[Work instructions] In the answer, each entry below appears exactly as given, and no picture appears at all.

[Data to examine]
☆ ☆ ☆

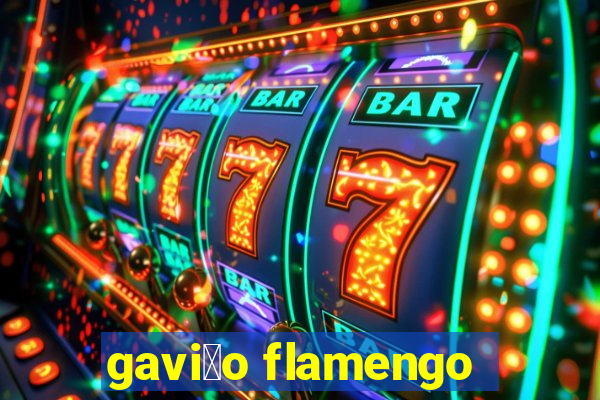 gavi茫o flamengo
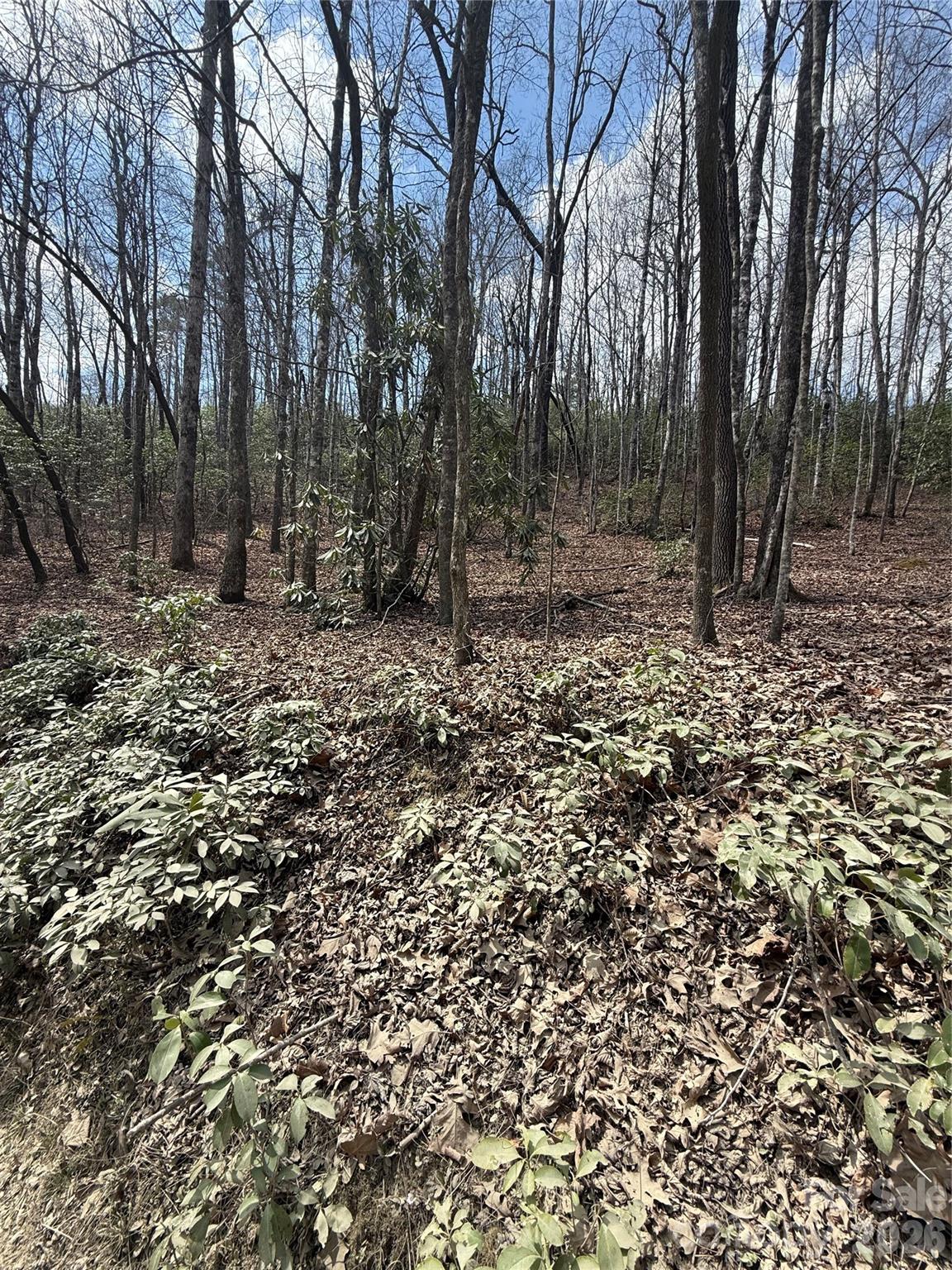 00 Line Runner Ridge Road Property Photo 14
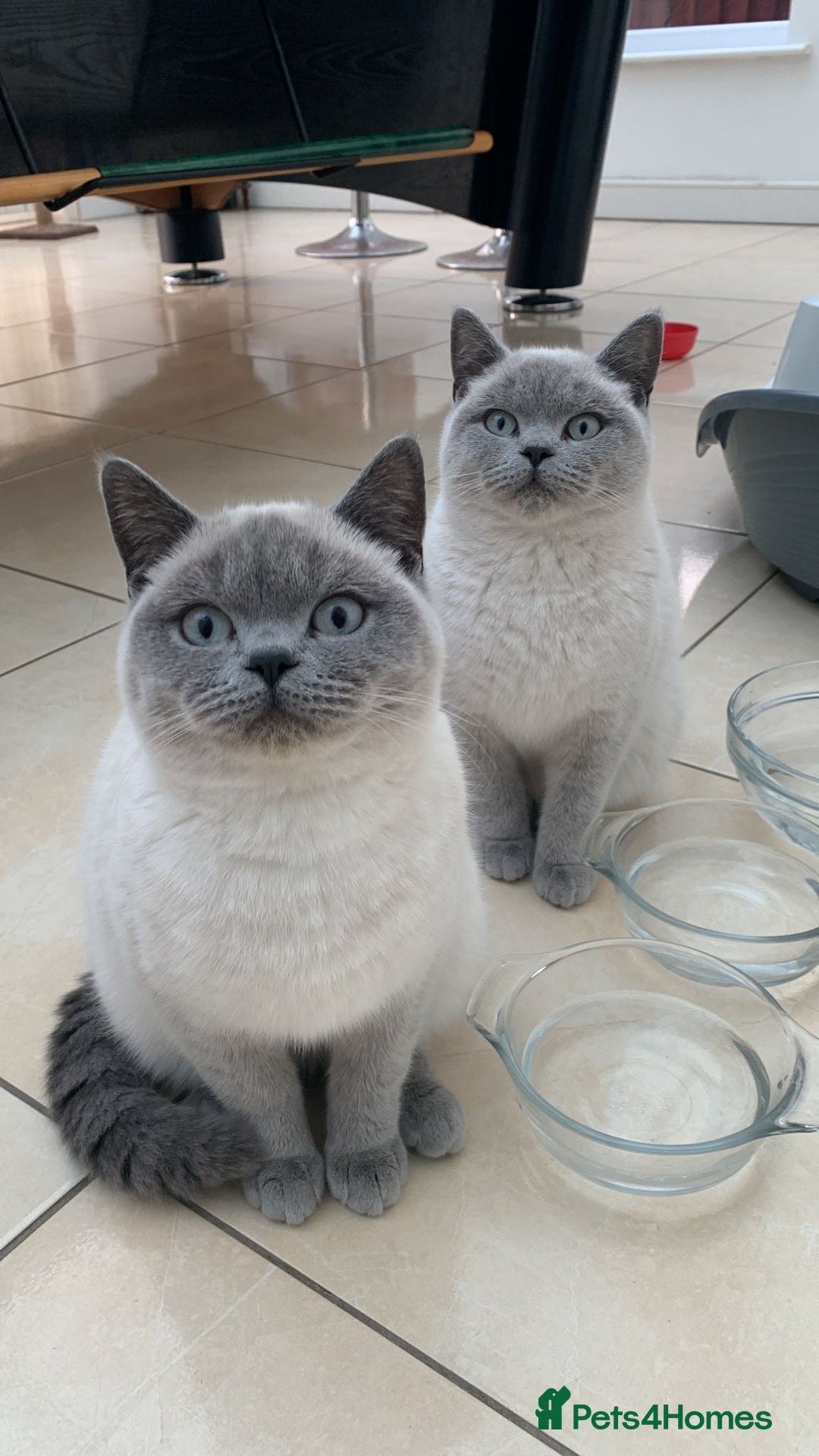 British Shorthair cats for sale: Stunning Pedigree British Blue Short Hair Males - Image 1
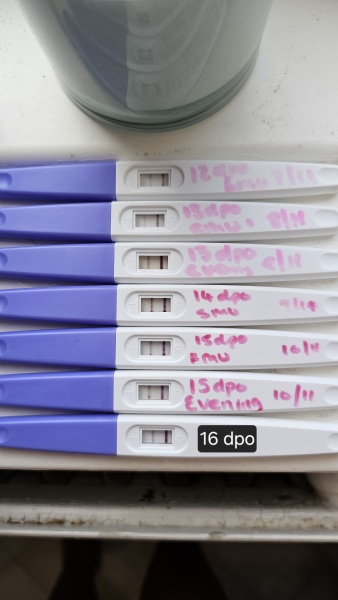 In limbo, 19dpo with no progression on tests and no AF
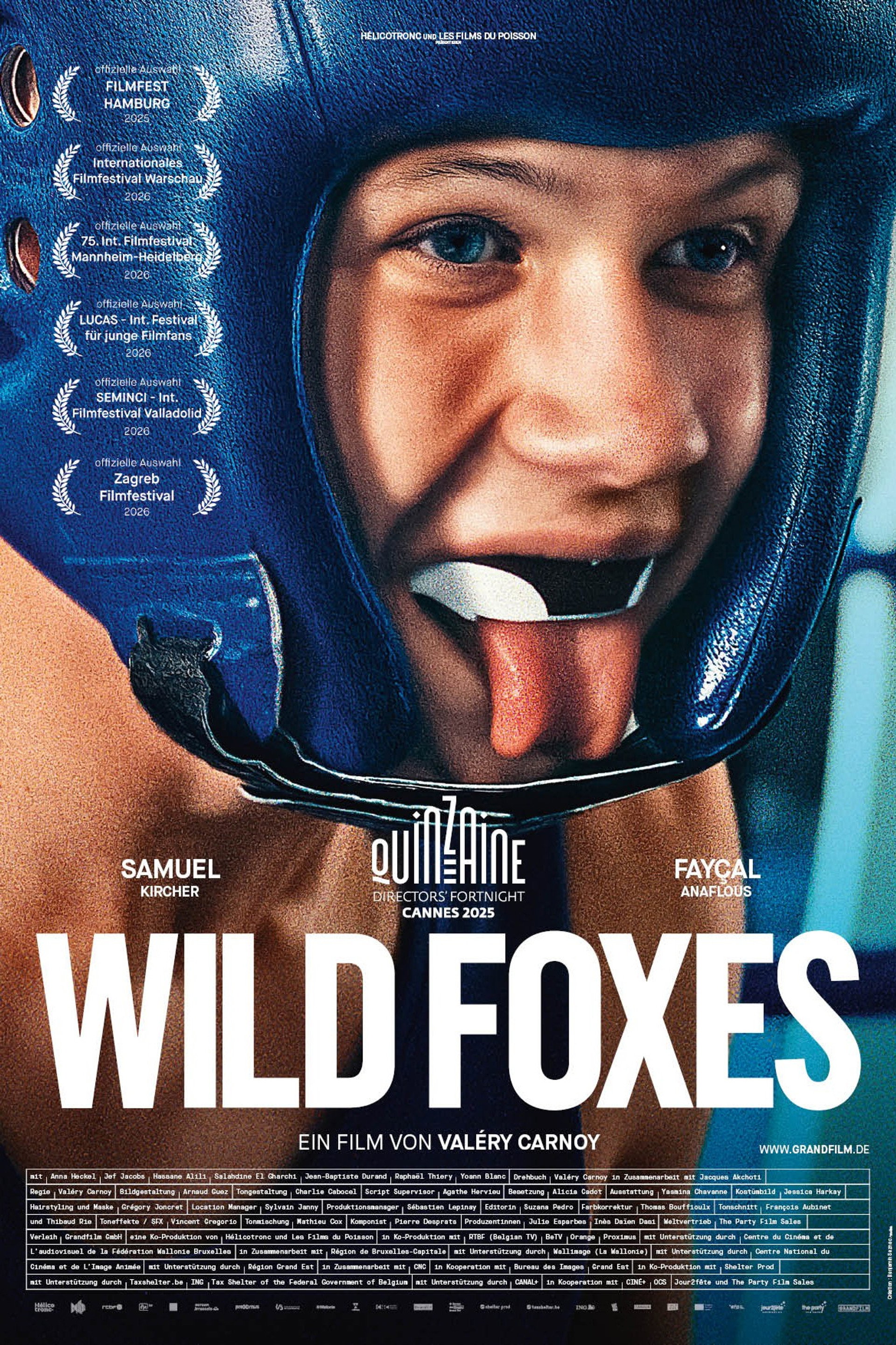 Wild Foxes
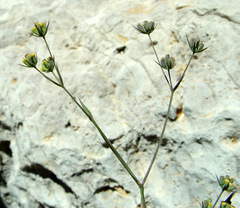 Bupleurum gerardi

☆ ☆ ☆

[Problem solution]
 gavi茫o flamengo
 00 Line Runner Ridge Road Property Photo 14
 British Shorthair cats for sale: Stunning Pedigree British Blue Short Hair Males - Image 1
 In limbo, 19dpo with no progression on tests and no AF
 Wild Foxes
 Bupleurum gerardi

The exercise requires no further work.